** Record extracts follows **
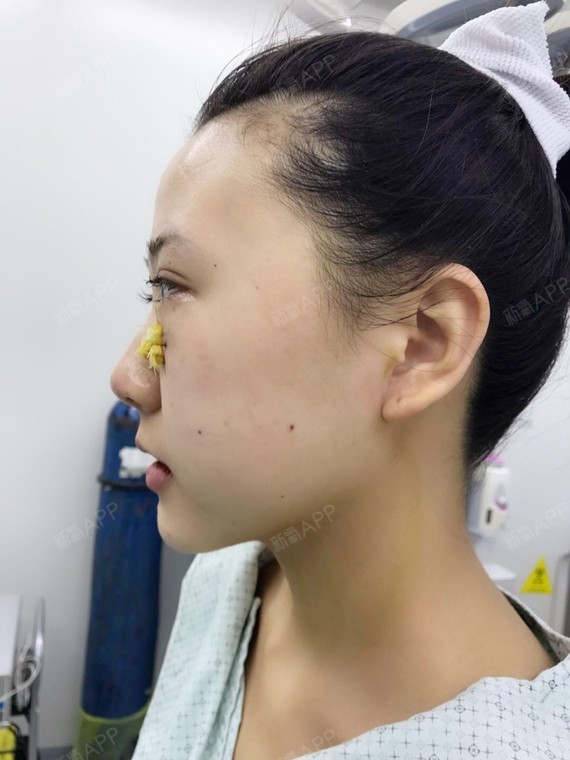 眶隔脂肪释放好不好_效果图_田田的甜甜眶隔脂肪释放术后第0天_新氧
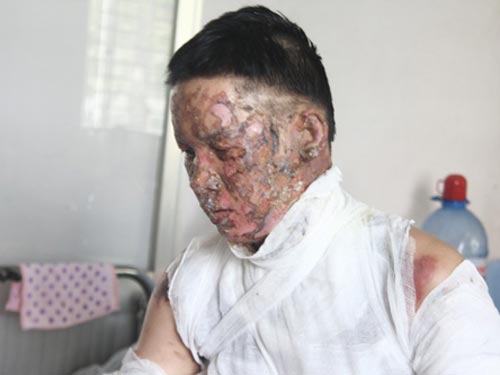 Những ca cấp cứu khó tin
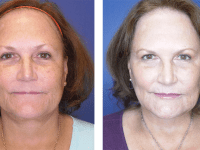 Y LIFT Before and After
4 days post-procedure Y LIFT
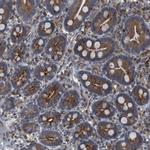 JWA Antibody in Immunohistochemistry (Paraffin) (IHC (P))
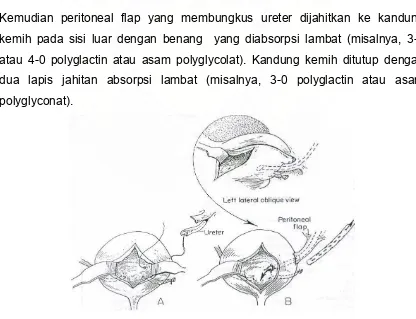 Gambar 12. Ureteroneocystostomy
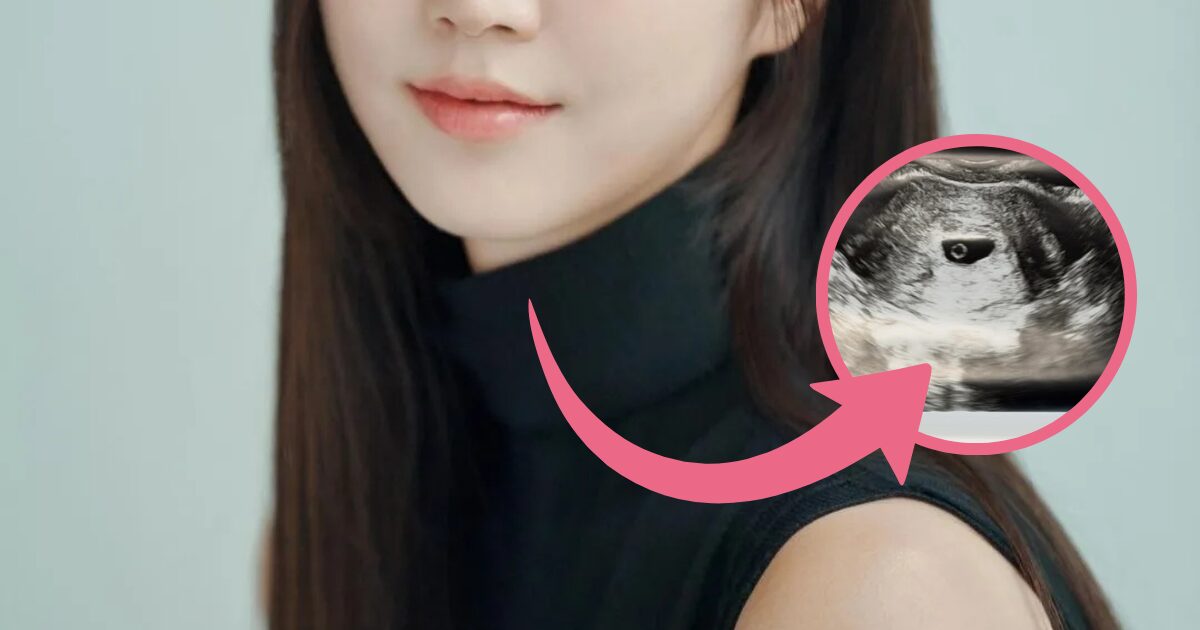 Former Top Girl Group Member Makes Surprise Pregnancy Announcement插图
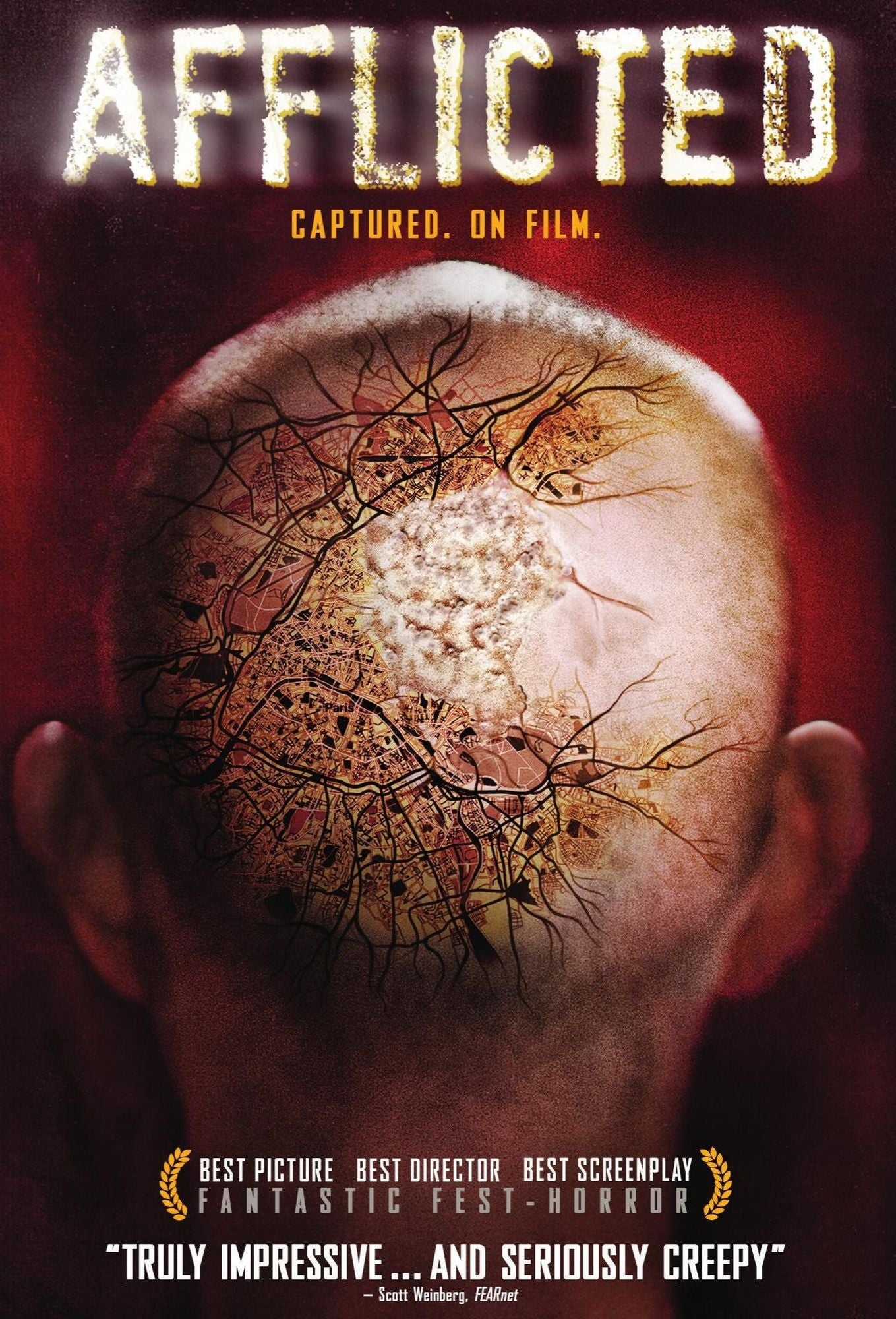 AFFLICTED / (UVDC)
** End of Record extracts **
• **Task directions**: Give again, word for word, each line from the one holding "Những ca cấp cứu khó tin" through the end of the entries, and leave out any picture.

• **Answer area**:
 Những ca cấp cứu khó tin
 Y LIFT Before and After
4 days post-procedure Y LIFT
 JWA Antibody in Immunohistochemistry (Paraffin) (IHC (P))
 Gambar 12. Ureteroneocystostomy
 Former Top Girl Group Member Makes Surprise Pregnancy Announcement插图
 AFFLICTED / (UVDC)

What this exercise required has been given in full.